Other than market size, you should be looking the predicted growth rate of the market. Usually as market start to grow, media attention will focus on it . Attention, demand and competition will grow with the market. If you can get yourself into the market first and dominate the market, you will be able to share a larger pie of the growth.

4. Timing


Market timing is important. Markets can be unready to accept new products. i.e. I just listened to an interview with the person whom invented the folding keyboard. He invented and licensed the technology in year 2001. However at that time, there were a limited number of portable devices that actually needed the keyboard. The product was ahead of its time. If the foldable keyboard had launched in the past 2 years or so, it would have much higher sales numbers. This is the reason why looking at trends that point to your product is important as they give you a sense if the market is ready for your product.
5. Customer Demand
The market size gives you the number of people who might be interested in your product. But for a product to succeed there must be concrete demand from customers. A good way is to conduct surveys to gauge demand.
Customer might also be oblivious to their demands. In these cases, surveys might not be helpful. You can instead use personal observation and insight to determine if customers need your product. In cases where a product’s benefit is not obvious, you will have to do much extra work in convincing that they need your product. An example of these is the coaching industry. The benefits are not exceedingly obvious as the benefit that participant gets is not quantifiable. Companies are then not willing to pay for the courses as they are unable to justify the cost of the program. Thus trainers have to use industry networks to spread their brand and increase the need for their expertise.
6. Acceptability/change in habits

Sometimes, a product is so revolutionary that it completely outclasses the current solution. However it doesn’t make inroads into the market. This can be due to that customers are already entrenched in their habits and changing the habits of customers is a very difficult thing to do. An example would be switching from using hotmail to gmail. Hotmail is a terrible email client compared to gmail. However users want the email address so badly that they will not bother to switch no matter how superior gmail is.

7. Who benefits?

Is your product going to be paid for by one party but benefits another instead? If it does, it is going to be a hard sell. An example would be the parent child relationship. Kids benefit from toys but the parents are the ones spending the money. Unbalanced relationships like this require a lot of marketing to change the mindset of the payee as the motivation structure of the payee and benefitted are usually not aligned.
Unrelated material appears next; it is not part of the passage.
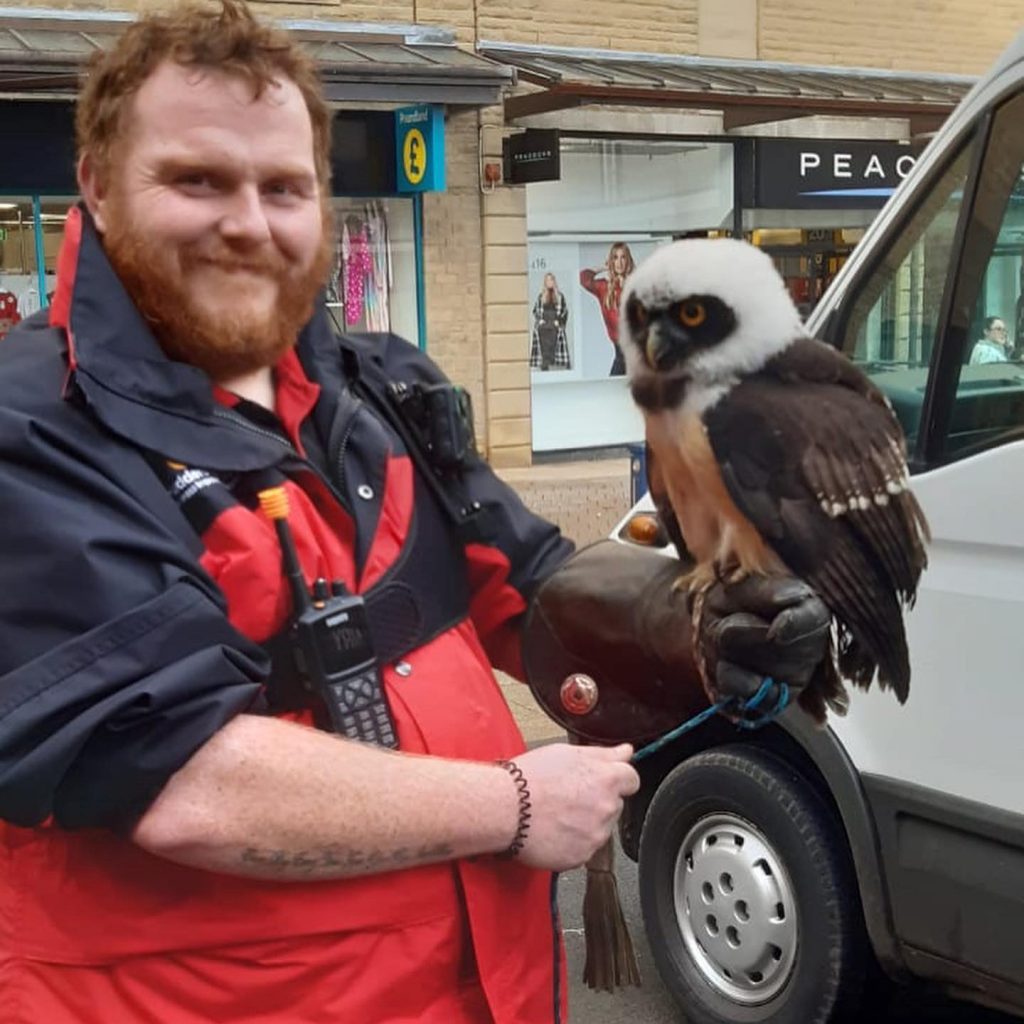 Huddersfield Street Ranger with Owl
Companies might not be willing to buy ergonomic furniture of employees as they are not sure of the benefit. However a report that highlights the increased productivity will help to sell the product.

8. Scalability

Is your product easily recreated so that you can sell more of it to more customers? If it is not, you should be aware that you have to charge a high price for each of the product to make your effort worthwhile. An example would be the masterpieces created by an artisan. The products being work of art are not duplicable as each product is unique by itself. If your product revolves around you, you will have a hard time getting the product to more customers. On the other end of the spectrum, software is infinitely duplicable. Through the internet, software can spread virally and conquer the market in a few short months. Where your product lie determine how fast you can conquer the market.

9. Feasibility

Most of the products require some sort of expertise or else there would be many companies selling the product already. The important question is whether you have the expertise to create this product. I am assuming that you have some part since you already came up with an idea. However to get detailed technical expertise to actually build a prototype requires more investment and bringing in of technical expertise. You can do this by reaching out to professionals or students who have some sort of expertise. If your product is too technically advanced, I suggest in reducing the way the technology is used and substitute it with something more achievable.

10. Your own belief


If your idea did badly in one of the points above, do not be disheartened. Most sections can be improved by tweaking your product a little or waiting till the time is right. If you believe strongly in your idea, start working on it. Solutions will appear as you work on them.

I hope I have given you some though on whether your idea is worth spending time on. Sometimes as inventors, we get too caught up in the excitement and forget that most ideas fail. Hopefully by considering the points above, you can increase the odds of success.